RECORDS TO PROCESS:
:::::

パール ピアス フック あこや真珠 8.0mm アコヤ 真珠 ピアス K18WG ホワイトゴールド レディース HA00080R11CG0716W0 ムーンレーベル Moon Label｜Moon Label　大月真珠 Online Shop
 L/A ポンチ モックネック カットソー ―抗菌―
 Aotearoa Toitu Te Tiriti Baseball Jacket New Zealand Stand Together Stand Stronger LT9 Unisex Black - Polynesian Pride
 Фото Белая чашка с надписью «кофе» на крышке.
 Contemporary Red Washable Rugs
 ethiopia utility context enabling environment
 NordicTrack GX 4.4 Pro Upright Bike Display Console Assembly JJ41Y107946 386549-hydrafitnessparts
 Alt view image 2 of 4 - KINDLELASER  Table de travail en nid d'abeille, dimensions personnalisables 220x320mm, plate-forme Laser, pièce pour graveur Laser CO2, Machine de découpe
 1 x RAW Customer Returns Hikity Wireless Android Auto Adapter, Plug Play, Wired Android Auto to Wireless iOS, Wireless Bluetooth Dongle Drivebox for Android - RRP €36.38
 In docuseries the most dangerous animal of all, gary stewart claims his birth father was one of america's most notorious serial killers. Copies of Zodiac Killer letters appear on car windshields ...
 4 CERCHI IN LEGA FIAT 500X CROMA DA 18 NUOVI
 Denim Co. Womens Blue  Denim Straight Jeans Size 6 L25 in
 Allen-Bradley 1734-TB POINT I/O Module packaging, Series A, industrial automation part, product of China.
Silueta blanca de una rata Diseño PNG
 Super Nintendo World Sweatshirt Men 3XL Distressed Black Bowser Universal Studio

:::::

TASK TO COMPLETE:
Repeat only the stretch of lines that opens with the line containing "Фото Белая чашка" and closes with the final line of the entries, both included, exactly as written.

ANSWER TO THE EXERCISE:
 Фото Белая чашка с надписью «кофе» на крышке.
 Contemporary Red Washable Rugs
 ethiopia utility context enabling environment
 NordicTrack GX 4.4 Pro Upright Bike Display Console Assembly JJ41Y107946 386549-hydrafitnessparts
 Alt view image 2 of 4 - KINDLELASER  Table de travail en nid d'abeille, dimensions personnalisables 220x320mm, plate-forme Laser, pièce pour graveur Laser CO2, Machine de découpe
 1 x RAW Customer Returns Hikity Wireless Android Auto Adapter, Plug Play, Wired Android Auto to Wireless iOS, Wireless Bluetooth Dongle Drivebox for Android - RRP €36.38
 In docuseries the most dangerous animal of all, gary stewart claims his birth father was one of america's most notorious serial killers. Copies of Zodiac Killer letters appear on car windshields ...
 4 CERCHI IN LEGA FIAT 500X CROMA DA 18 NUOVI
 Denim Co. Womens Blue  Denim Straight Jeans Size 6 L25 in
 Allen-Bradley 1734-TB POINT I/O Module packaging, Series A, industrial automation part, product of China.
Silueta blanca de una rata Diseño PNG
 Super Nintendo World Sweatshirt Men 3XL Distressed Black Bowser Universal Studio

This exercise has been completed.